• Task brief
The whole listing, exactly as given: write it out, leaving out each image.

BEGIN Data provided

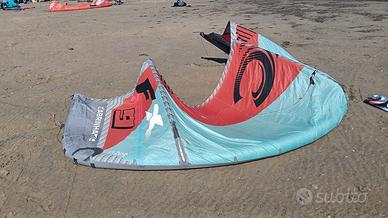 kitesurf cabrinha FX 9 con barra liquid force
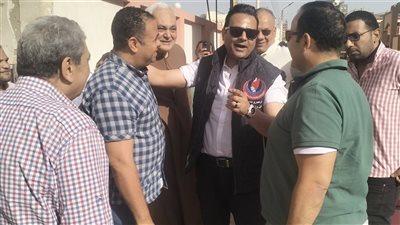 مساعد وزير الصحة يتفقد الأعمال الجارية بمستشفى جرجا العام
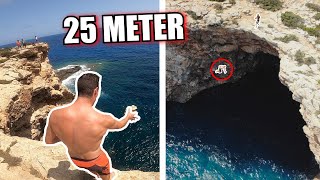 Machen die Knie mit  Massiver 25 Meter Klippensprung auf Mallorca [upl. by Arimaj]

END Data provided

• Solution to the exercise
 kitesurf cabrinha FX 9 con barra liquid force
 مساعد وزير الصحة يتفقد الأعمال الجارية بمستشفى جرجا العام
 Machen die Knie mit  Massiver 25 Meter Klippensprung auf Mallorca [upl. by Arimaj]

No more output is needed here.